(Beginning of GIVEN DATA)

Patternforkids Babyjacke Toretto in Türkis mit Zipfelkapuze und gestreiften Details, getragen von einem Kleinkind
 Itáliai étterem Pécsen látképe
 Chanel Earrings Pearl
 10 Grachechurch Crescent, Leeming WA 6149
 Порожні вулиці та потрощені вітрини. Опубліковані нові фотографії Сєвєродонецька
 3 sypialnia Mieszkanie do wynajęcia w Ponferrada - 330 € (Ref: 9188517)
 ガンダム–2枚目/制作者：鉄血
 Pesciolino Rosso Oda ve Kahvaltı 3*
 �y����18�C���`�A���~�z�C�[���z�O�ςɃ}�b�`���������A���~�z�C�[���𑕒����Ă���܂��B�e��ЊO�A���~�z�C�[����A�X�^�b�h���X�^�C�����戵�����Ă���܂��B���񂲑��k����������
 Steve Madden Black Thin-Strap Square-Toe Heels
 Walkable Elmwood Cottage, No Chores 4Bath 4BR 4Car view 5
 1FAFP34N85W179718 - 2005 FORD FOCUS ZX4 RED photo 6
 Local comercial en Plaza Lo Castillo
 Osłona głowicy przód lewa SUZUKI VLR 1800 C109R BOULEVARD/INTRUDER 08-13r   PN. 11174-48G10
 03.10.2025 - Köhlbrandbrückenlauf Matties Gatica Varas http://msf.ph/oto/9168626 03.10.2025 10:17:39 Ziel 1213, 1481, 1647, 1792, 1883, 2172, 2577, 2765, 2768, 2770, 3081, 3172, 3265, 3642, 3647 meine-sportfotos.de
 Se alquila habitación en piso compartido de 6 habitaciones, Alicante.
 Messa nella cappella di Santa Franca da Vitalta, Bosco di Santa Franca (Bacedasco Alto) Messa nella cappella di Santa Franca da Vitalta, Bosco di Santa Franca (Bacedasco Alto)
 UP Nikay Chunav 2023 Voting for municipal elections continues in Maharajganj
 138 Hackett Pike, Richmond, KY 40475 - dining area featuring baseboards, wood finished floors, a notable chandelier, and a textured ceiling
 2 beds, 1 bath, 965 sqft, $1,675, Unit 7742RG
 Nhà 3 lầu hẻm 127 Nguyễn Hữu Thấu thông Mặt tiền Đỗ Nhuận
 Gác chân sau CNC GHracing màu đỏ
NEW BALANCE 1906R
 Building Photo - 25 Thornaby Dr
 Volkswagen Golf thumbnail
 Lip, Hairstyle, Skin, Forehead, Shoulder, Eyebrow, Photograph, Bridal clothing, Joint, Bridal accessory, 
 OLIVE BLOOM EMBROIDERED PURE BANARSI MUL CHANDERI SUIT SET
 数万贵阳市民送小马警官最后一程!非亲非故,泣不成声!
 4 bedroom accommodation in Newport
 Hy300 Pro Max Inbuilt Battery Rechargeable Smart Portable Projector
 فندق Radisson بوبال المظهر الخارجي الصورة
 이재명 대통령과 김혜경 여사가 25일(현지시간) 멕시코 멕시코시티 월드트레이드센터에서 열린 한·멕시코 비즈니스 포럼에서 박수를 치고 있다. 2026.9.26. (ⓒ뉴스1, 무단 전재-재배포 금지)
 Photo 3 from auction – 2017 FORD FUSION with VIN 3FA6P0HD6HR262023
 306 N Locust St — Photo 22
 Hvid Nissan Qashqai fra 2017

(End of GIVEN DATA)

* _REQUIREMENT_
Having read the entries, output all of them verbatim.

* _TASK RESPONSE_
Patternforkids Babyjacke Toretto in Türkis mit Zipfelkapuze und gestreiften Details, getragen von einem Kleinkind
 Itáliai étterem Pécsen látképe
 Chanel Earrings Pearl
 10 Grachechurch Crescent, Leeming WA 6149
 Порожні вулиці та потрощені вітрини. Опубліковані нові фотографії Сєвєродонецька
 3 sypialnia Mieszkanie do wynajęcia w Ponferrada - 330 € (Ref: 9188517)
 ガンダム–2枚目/制作者：鉄血
 Pesciolino Rosso Oda ve Kahvaltı 3*
 �y����18�C���`�A���~�z�C�[���z�O�ςɃ}�b�`���������A���~�z�C�[���𑕒����Ă���܂��B�e��ЊO�A���~�z�C�[����A�X�^�b�h���X�^�C�����戵�����Ă���܂��B���񂲑��k����������
 Steve Madden Black Thin-Strap Square-Toe Heels
 Walkable Elmwood Cottage, No Chores 4Bath 4BR 4Car view 5
 1FAFP34N85W179718 - 2005 FORD FOCUS ZX4 RED photo 6
 Local comercial en Plaza Lo Castillo
 Osłona głowicy przód lewa SUZUKI VLR 1800 C109R BOULEVARD/INTRUDER 08-13r   PN. 11174-48G10
 03.10.2025 - Köhlbrandbrückenlauf Matties Gatica Varas http://msf.ph/oto/9168626 03.10.2025 10:17:39 Ziel 1213, 1481, 1647, 1792, 1883, 2172, 2577, 2765, 2768, 2770, 3081, 3172, 3265, 3642, 3647 meine-sportfotos.de
 Se alquila habitación en piso compartido de 6 habitaciones, Alicante.
 Messa nella cappella di Santa Franca da Vitalta, Bosco di Santa Franca (Bacedasco Alto) Messa nella cappella di Santa Franca da Vitalta, Bosco di Santa Franca (Bacedasco Alto)
 UP Nikay Chunav 2023 Voting for municipal elections continues in Maharajganj
 138 Hackett Pike, Richmond, KY 40475 - dining area featuring baseboards, wood finished floors, a notable chandelier, and a textured ceiling
 2 beds, 1 bath, 965 sqft, $1,675, Unit 7742RG
 Nhà 3 lầu hẻm 127 Nguyễn Hữu Thấu thông Mặt tiền Đỗ Nhuận
 Gác chân sau CNC GHracing màu đỏ
NEW BALANCE 1906R
 Building Photo - 25 Thornaby Dr
 Volkswagen Golf thumbnail
 Lip, Hairstyle, Skin, Forehead, Shoulder, Eyebrow, Photograph, Bridal clothing, Joint, Bridal accessory, 
 OLIVE BLOOM EMBROIDERED PURE BANARSI MUL CHANDERI SUIT SET
 数万贵阳市民送小马警官最后一程!非亲非故,泣不成声!
 4 bedroom accommodation in Newport
 Hy300 Pro Max Inbuilt Battery Rechargeable Smart Portable Projector
 فندق Radisson بوبال المظهر الخارجي الصورة
 이재명 대통령과 김혜경 여사가 25일(현지시간) 멕시코 멕시코시티 월드트레이드센터에서 열린 한·멕시코 비즈니스 포럼에서 박수를 치고 있다. 2026.9.26. (ⓒ뉴스1, 무단 전재-재배포 금지)
 Photo 3 from auction – 2017 FORD FUSION with VIN 3FA6P0HD6HR262023
 306 N Locust St — Photo 22
 Hvid Nissan Qashqai fra 2017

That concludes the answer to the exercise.